Tahtinen et al. demonstrated that lipid-formulated RNA vaccine (RNA-LPX) induces monocyte-derived IL-1 release, triggering systemic inflammatory responses associated with cytokine release syndrome, with much higher severity in humans than mice and non-human primates. In mice, RNA-LPX led to a robust upregulation of IL-1ra, which protected them from uncontrolled systemic inflammation. The reactogenicity of RNA vaccine was not entirely due to TLR7/8-mediated RNA sensing, but also depended on the ionizable lipids in different LNP formulations. Modified RNA formulated in MC3 were weak, while those in SM-102 were potent immunostimulators.

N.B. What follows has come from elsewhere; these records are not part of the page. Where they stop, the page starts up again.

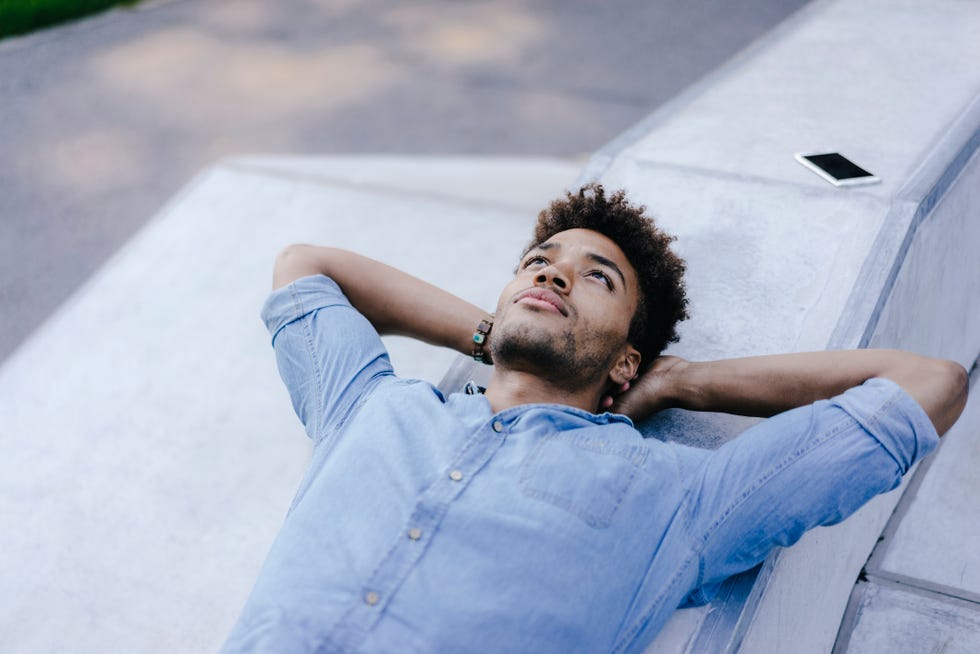 relaxed man lying in park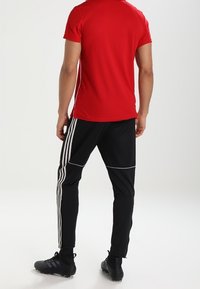 Rotes T-Shirt mit kurzen Ärmeln, kombiniert mit schwarzen, schmal zulaufenden Hosen mit weißen Seitenstreifen. Das Outfit wird durch schwarze Fußballschuhe ergänzt.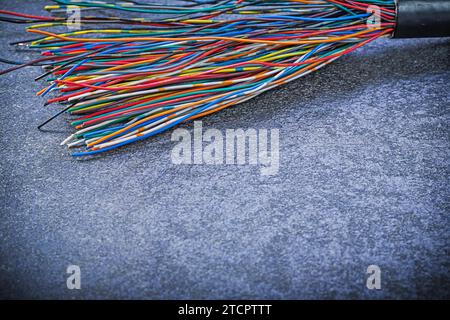 Electrical cables on black surface Electricity concept Stock Photo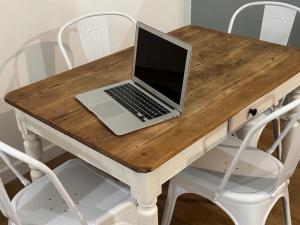 a laptop computer sitting on top of a wooden table at Reyloft • Situé au cœur de Douai & Wifi fibre in Douai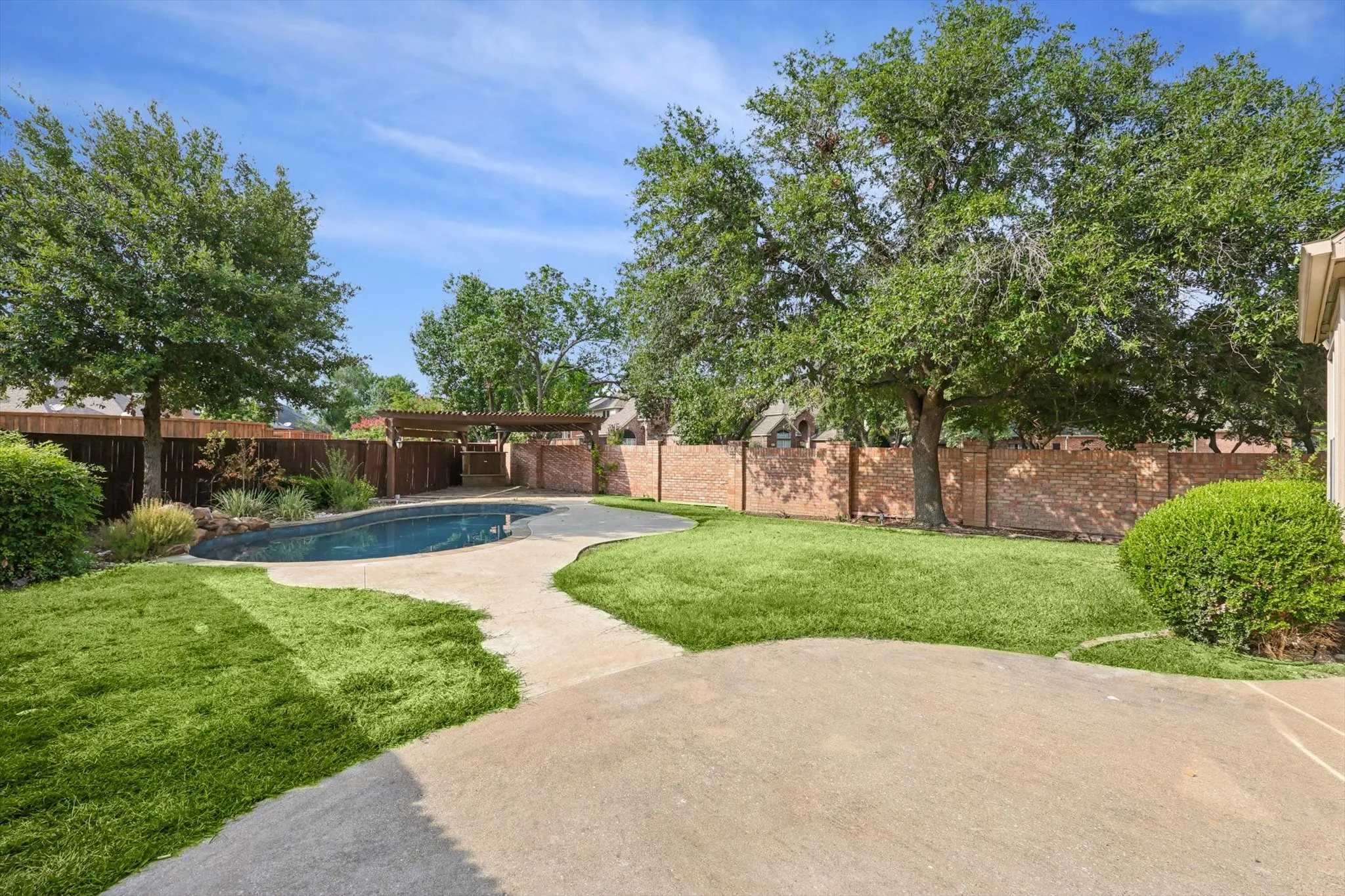 View of yard featuring a patio and a fenced in pool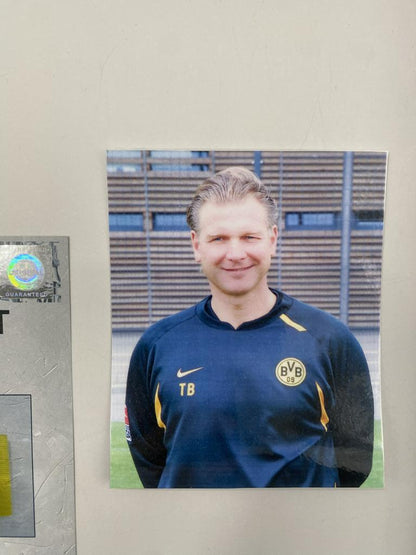 Captain's armband signed by Wolfgang "Teddy" de Beer in a Borussia Dortmund COA frame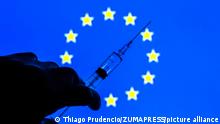 April 6, 2021, Barcelona, Catalonia, Spain: In this photo illustration, a close up of a hand holding a medical syringe seen displayed in front of the European Union flag. (Credit Image: Â© Thiago Prudencio/DAX via ZUMA Wire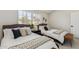 Cozy bedroom featuring two beds, a window with shutters, and decorative accents at 3059 E Rose Ln, Phoenix, AZ 85016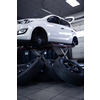 Car in a garage for maintenance, oil, tyre change (shallow DOF; color toned image)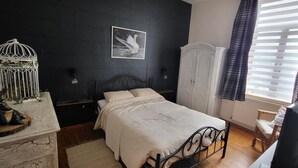 A bedroom with a bed, a white wardrobe, a birdcage, and a framed picture on the wall. - Room-terrace of the Friends of Visé (Vise)
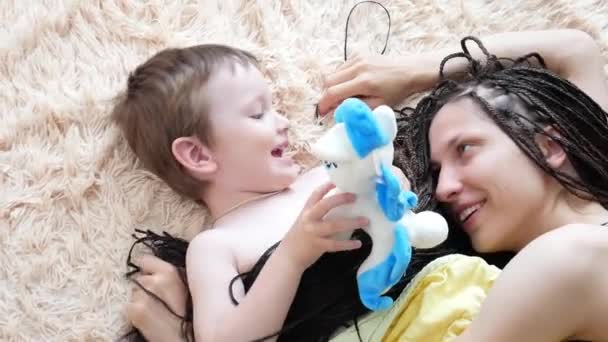 一个可爱的小男孩用他的妈妈的辫子盖住自己 和她躺在柔软的米黄色格子布上玩乐 — 图库视频影像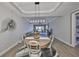 Open-concept dining room with modern lighting and views into the living area at 1038 Bellasol Way # 202, Apollo Beach, FL 33572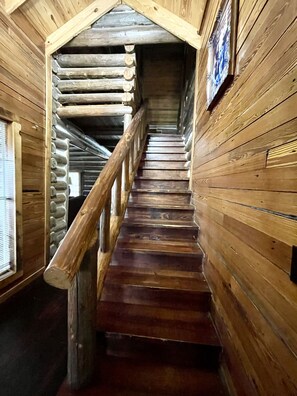 A wooden staircase with a wooden railing leading to a higher level. - Presley Deluxe Log Cabin (Hartsfield)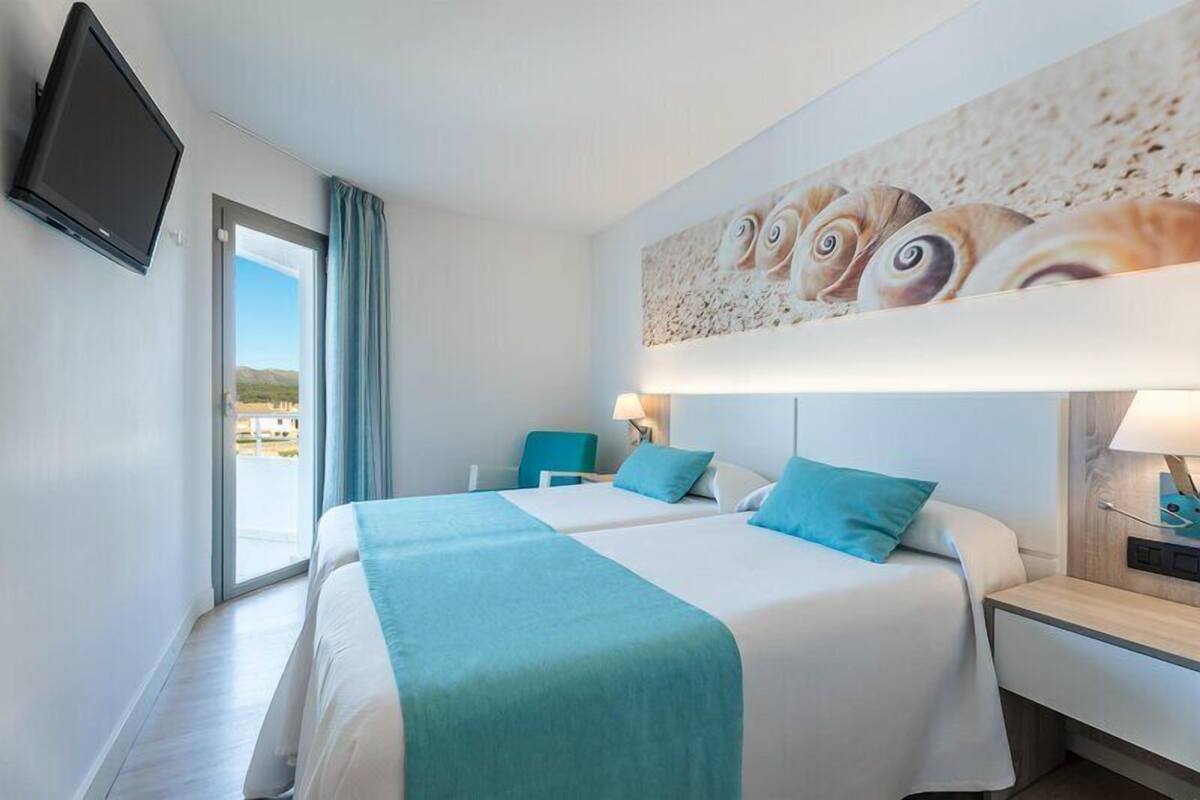 A hotel room with a bed, a chair, a TV, and a painting of fish on the wall.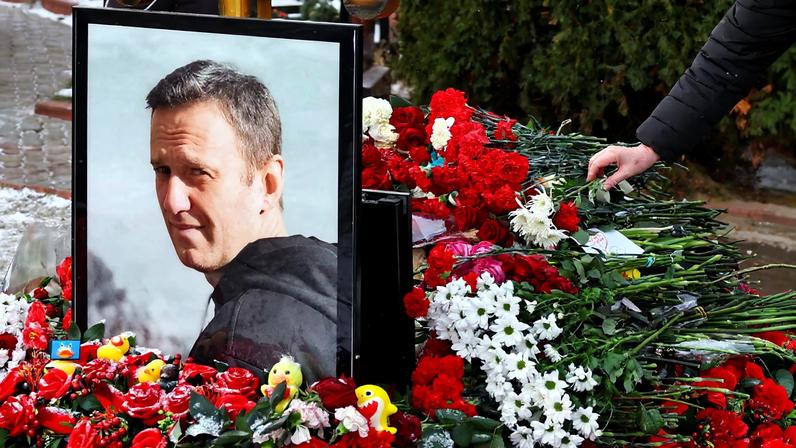 People mark first anniversary of Russian opposition leader Navalny's death at Moscow cemetery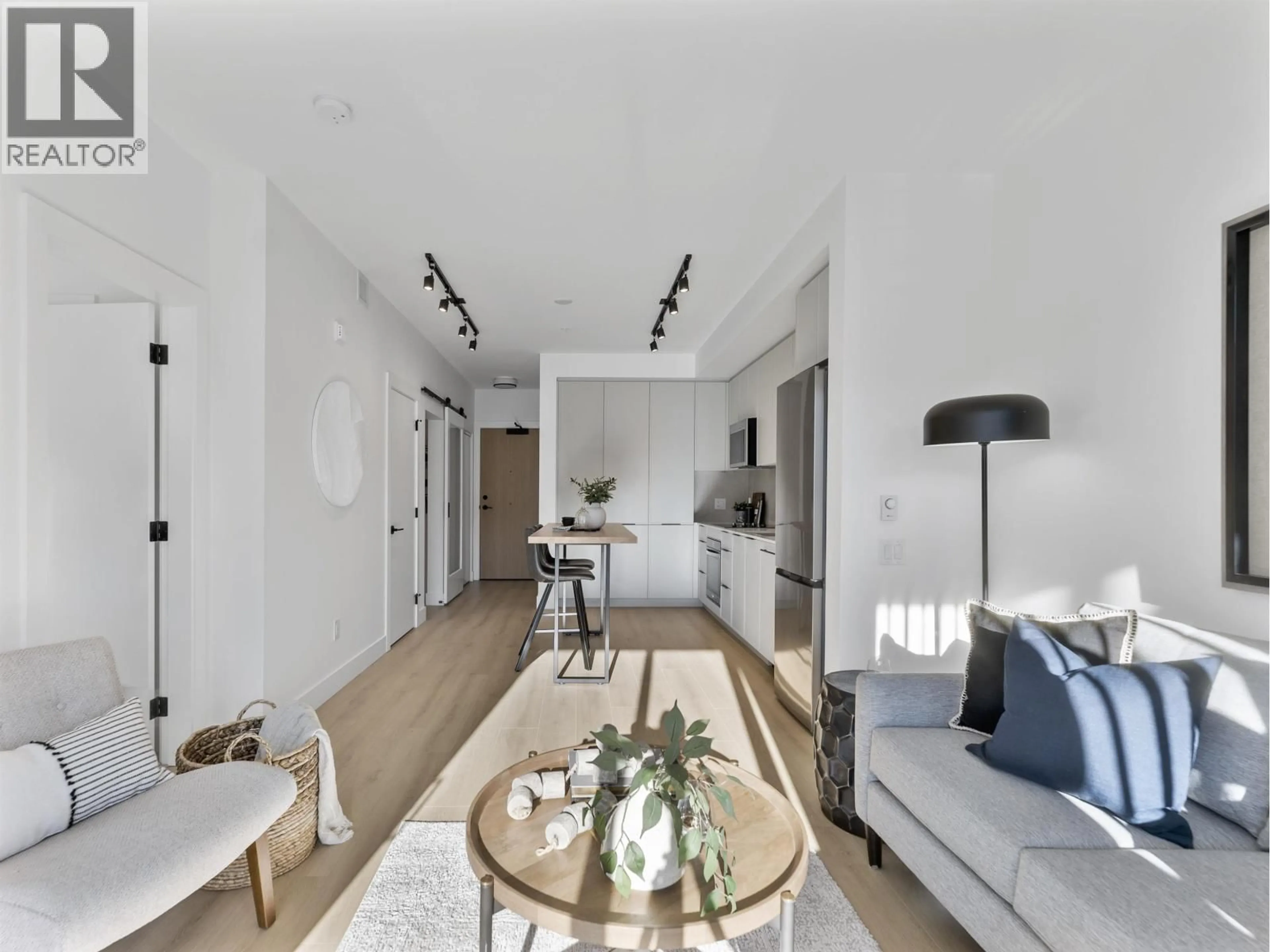 Living room with furniture, unknown for 505 - 3055 MURRAY STREET, Port Moody British Columbia V3H0P4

Contributed by Shishir Pant
ABSTRACT: The use of lipid-formulated RNA vaccines for cancer or COVID-19 is associated with dose-limiting systemic inflammatory responses in humans that were not predicted from preclinical studies. Here, we show that the 'interleukin 1 (IL-1)-interleukin 1 receptor antagonist (IL-1ra)' axis regulates vaccine-mediated systemic inflammation in a host-specific manner. In human immune cells, RNA vaccines induce production of IL-1 cytokines, predominantly IL-1β, which is dependent on both the RNA and lipid formulation. IL-1 in turn triggers the induction of the broad spectrum of pro-inflammatory cytokines (including IL-6). Unlike humans, murine leukocytes respond to RNA vaccines by upregulating anti-inflammatory IL-1ra relative to IL-1 (predominantly IL-1α), protecting mice from cytokine-mediated toxicities at >1,000-fold higher vaccine doses. Thus, the IL-1 pathway plays a key role in triggering RNA vaccine-associated innate signaling, an effect that was unexpectedly amplified by certain lipids used in vaccine formulations incorporating N1-methyl-pseudouridine-modified RNA to reduce activation of Toll-like receptor signaling.